Uma Ação Civil Pública (ACP) foi ajuizada pelo MPT em Rondônia, sendo pedido à Justiça do Trabalho em caráter liminar que a Secretaria de Saúde forneça imediatamente os equipamentos de proteção individual adequados aos servidores que trabalham em todas as unidades de saúde de Porto Velho, de modo a eliminar ou diminuir os riscos de contaminação. O MPT pede também indenização por dano moral coletivo no valor de R$ 1 milhão.

De acordo com o procurador-chefe do MPT em Rondônia e Acre, Marcos G. Cutrim, durante as investigações ficaram comprovadas inúmeras irregularidades trabalhistas e a omissão dos gestores municipais na adoção de medidas para cumprimento de regras elementares de segurança do trabalho, a exemplo do fornecimento de equipamentos de proteção individuais (EPIs) aos profissionais que desempenham suas atividades nos laboratórios, tais como máscaras adequadas para uso nesses ambientes de trabalho, luvas, óculos e outros especificados em normas regulamentadoras, bem como o uso de recipientes inadequados para o descarte de materiais utilizados nas atividades laboratoriais.

“É direito fundamental indisponível do trabalhador exercer a sua atividade laboral em ambiente de trabalho limpo, sadio e seguro, que deve ser proporcionado pelo empregador, seja uma empresa, seja um órgão de governo, mediante o fiel cumprimento das normas de saúde, higiene e segurança, para a redução dos riscos inerentes ao trabalho. No caso das unidades de saúde de Porto Velho, servidores públicos, pessoal terceirizado e a própria sociedade usuária dos serviços de atenção básica à saúde são prejudicados pelo descumprimento sistemático dessas normas”, disse o procurador.

ENTENDA O CASO

Chamou a atenção do MPT a fiscalização realizada pelo Conselho Regional de Medicina do Estado de Rondônia – CREMERO, que promoveu no ano 2008 a Interdição Ética nos Postos de Saúde Municipal de pronto atendimento. O CREMERO denunciou sua preocupação com a qualidade de atendimento de saúde à população em geral, e devido ao descaso com as condições de trabalho, que continuavam impróprias, inadequadas e sem qualquer segurança aos médicos que ali desempenhavam suas funções, procedeu à interdição nas unidades de saúde municipais.
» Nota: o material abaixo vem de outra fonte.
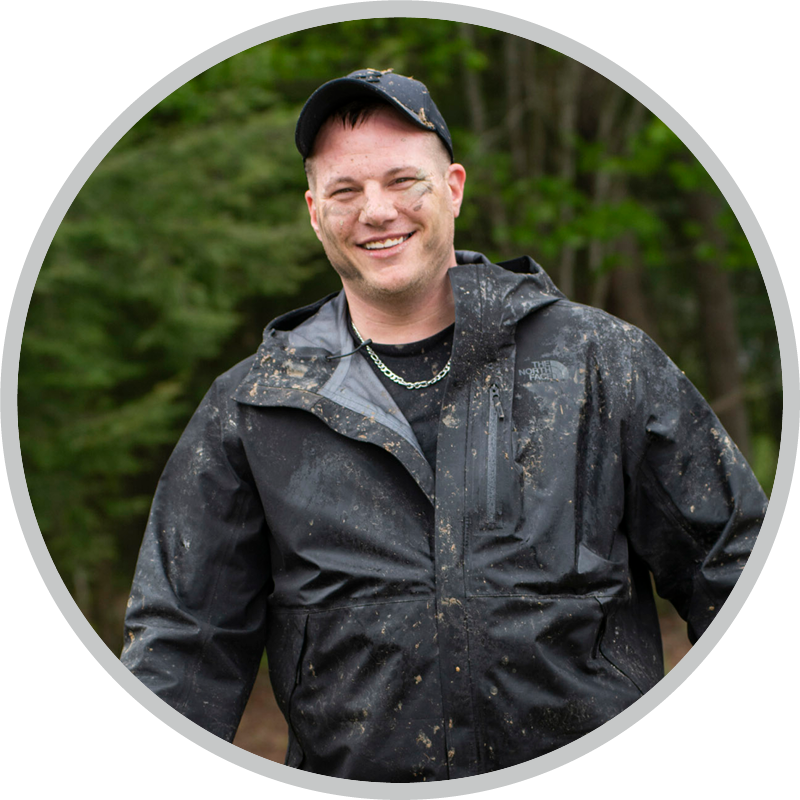 Mark Stallion smiling and enjoying his time at Warrior Getaway with mud all over his face.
Em setembro de 2015, foram inspecionadas pelo MPT as Policlínicas José Adelino da Silva, Hamilton Raulino Gondin, Manoel Amorim de Matos e Ana Adelaide, a sede da nova Secretaria Municipal de Saúde de Porto Velho.

No mês de fevereiro deste ano, os servidores da nova sede da SEMUSA denunciaram ao MPT que, devido às condições térmicas do edifício sede, vários servidores haviam passado mal por falta de ventilação e climatização adequada. E para amenizar a situação, foram obrigados a comprar ventiladores. Em dias de intenso calor não conseguiam passar o dia todo no trabalhando por causa do desconforto término na sede da Secretaria.

O Ministério do Trabalho, em ação fiscal realizada por seus auditores, interditou recentemente o Hospital Maternidade Mãe Esperança, sobretudo os setores de lavanderia e dos motoristas/ambulâncias, devido às más condições de trabalho na unidade hospitalar.